The message was delivered loud and clear Tuesday in House Republican Whip Steve Scalise’s opening statement before the House Select Subcommittee on the Coronavirus, where Federal Reserve Chairman Jerome Powell was testifying.
“The Biden inflation agenda of too much money chasing too few goods is causing major harm to hard-working American families,” ranking member Scalise said after running down a laundry list of pet peeves that included the $1.9 trillion American Rescue Plan passed in March that included $300-a-week enhanced unemployment benefits, and another $4 trillion in proposed spending on infrastructure, child care, education and family-oriented programs.
Scalise ran down a list of common items that have risen sharply in price over the past year or so, with a chart on an easel behind him showing milk up 5%, bacon up 13%, gas up 56%, used cars up 30% and transportation up 16%.

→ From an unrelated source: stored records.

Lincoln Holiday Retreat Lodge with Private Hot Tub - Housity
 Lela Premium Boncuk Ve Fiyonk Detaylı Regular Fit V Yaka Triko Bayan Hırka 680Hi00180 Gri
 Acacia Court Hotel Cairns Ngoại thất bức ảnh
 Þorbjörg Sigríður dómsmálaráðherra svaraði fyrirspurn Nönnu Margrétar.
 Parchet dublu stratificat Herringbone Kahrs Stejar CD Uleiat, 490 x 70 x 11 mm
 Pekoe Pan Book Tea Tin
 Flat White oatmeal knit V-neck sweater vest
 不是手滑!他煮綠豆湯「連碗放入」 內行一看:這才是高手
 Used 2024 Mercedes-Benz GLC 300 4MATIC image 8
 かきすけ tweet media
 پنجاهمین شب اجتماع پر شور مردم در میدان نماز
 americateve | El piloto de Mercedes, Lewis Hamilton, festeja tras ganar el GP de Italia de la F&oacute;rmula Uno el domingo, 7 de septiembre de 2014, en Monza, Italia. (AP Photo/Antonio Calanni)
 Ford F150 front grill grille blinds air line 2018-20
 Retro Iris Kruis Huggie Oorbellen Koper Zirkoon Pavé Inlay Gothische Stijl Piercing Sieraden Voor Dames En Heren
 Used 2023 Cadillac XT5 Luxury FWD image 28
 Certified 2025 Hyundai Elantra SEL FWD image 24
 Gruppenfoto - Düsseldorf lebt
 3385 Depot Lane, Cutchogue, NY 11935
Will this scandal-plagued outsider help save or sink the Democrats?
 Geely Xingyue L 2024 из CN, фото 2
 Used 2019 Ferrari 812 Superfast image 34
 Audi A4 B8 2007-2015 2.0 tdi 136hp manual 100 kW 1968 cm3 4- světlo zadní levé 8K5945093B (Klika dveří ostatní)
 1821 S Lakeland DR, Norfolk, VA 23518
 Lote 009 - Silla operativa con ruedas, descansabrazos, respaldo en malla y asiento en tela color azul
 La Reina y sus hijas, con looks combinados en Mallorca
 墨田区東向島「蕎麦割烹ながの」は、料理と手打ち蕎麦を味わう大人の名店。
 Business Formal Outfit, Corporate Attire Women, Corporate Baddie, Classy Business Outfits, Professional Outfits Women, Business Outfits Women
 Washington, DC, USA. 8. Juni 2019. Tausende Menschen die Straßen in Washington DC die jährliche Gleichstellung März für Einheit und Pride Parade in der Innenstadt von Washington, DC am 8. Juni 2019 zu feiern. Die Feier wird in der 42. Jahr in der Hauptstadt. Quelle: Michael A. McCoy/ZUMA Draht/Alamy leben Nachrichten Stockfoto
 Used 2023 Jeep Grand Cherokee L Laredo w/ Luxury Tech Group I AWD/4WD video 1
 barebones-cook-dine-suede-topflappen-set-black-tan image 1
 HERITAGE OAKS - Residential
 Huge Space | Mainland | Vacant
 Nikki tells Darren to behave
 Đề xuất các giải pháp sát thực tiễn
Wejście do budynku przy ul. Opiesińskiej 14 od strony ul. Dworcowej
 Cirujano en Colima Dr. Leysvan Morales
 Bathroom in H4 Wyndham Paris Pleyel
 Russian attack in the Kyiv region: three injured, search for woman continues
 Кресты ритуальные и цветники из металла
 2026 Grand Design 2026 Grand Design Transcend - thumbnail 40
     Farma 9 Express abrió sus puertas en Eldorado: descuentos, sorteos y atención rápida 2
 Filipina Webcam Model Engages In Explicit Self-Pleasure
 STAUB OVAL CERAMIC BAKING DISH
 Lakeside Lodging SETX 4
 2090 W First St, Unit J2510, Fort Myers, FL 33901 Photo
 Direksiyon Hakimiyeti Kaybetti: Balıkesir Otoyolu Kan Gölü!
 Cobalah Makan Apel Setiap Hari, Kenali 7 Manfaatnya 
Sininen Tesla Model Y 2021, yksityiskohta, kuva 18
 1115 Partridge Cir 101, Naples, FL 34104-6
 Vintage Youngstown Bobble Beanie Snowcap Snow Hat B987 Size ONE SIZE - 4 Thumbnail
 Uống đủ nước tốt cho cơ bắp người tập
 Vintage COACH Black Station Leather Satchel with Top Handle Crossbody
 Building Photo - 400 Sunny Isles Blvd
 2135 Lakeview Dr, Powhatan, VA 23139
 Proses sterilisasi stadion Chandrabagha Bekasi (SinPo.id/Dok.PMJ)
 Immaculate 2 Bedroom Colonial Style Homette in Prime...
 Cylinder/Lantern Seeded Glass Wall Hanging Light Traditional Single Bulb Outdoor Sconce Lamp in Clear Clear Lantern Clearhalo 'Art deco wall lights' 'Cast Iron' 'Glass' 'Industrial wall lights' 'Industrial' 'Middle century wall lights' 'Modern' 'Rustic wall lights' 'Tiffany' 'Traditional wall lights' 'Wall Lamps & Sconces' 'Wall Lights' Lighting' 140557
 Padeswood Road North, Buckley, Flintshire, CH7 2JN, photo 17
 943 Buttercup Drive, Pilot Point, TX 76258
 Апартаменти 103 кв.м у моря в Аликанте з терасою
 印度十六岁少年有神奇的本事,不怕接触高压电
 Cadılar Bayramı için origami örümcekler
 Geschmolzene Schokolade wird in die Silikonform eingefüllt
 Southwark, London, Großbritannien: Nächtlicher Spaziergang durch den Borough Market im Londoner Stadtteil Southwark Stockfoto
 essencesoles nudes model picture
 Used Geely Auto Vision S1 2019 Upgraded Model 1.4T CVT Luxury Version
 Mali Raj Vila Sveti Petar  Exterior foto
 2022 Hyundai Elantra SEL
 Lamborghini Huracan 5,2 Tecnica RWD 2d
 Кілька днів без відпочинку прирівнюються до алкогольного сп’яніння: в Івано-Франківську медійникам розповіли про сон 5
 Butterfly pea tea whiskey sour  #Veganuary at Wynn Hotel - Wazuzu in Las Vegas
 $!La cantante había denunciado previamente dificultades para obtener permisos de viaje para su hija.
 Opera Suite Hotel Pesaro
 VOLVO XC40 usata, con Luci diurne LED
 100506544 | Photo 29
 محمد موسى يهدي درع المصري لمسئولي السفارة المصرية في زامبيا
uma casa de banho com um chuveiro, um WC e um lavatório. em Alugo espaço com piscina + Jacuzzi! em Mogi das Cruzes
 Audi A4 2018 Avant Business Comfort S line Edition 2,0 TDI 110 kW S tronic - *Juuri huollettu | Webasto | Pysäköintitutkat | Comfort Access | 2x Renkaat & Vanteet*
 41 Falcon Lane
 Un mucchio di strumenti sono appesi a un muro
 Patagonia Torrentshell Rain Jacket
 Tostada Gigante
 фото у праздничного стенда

Some of those comparisons may be exaggerated because of the time frame over which they are calculated. Take gas, which in 2020 hit its lowest average price just below $2 as people stayed home during the pandemic. If the price is measured from March, 2020 when the coronavirus was first deemed a pandemic, the increase is a little more than 21%. But that largely gets lost in the conversation, especially when the purpose is to make a political point.
Referring to the consumer price index showing inflation running at a 5% annual rate in May, Scalise asked Powell, “Is 5% inflation acceptable to you?”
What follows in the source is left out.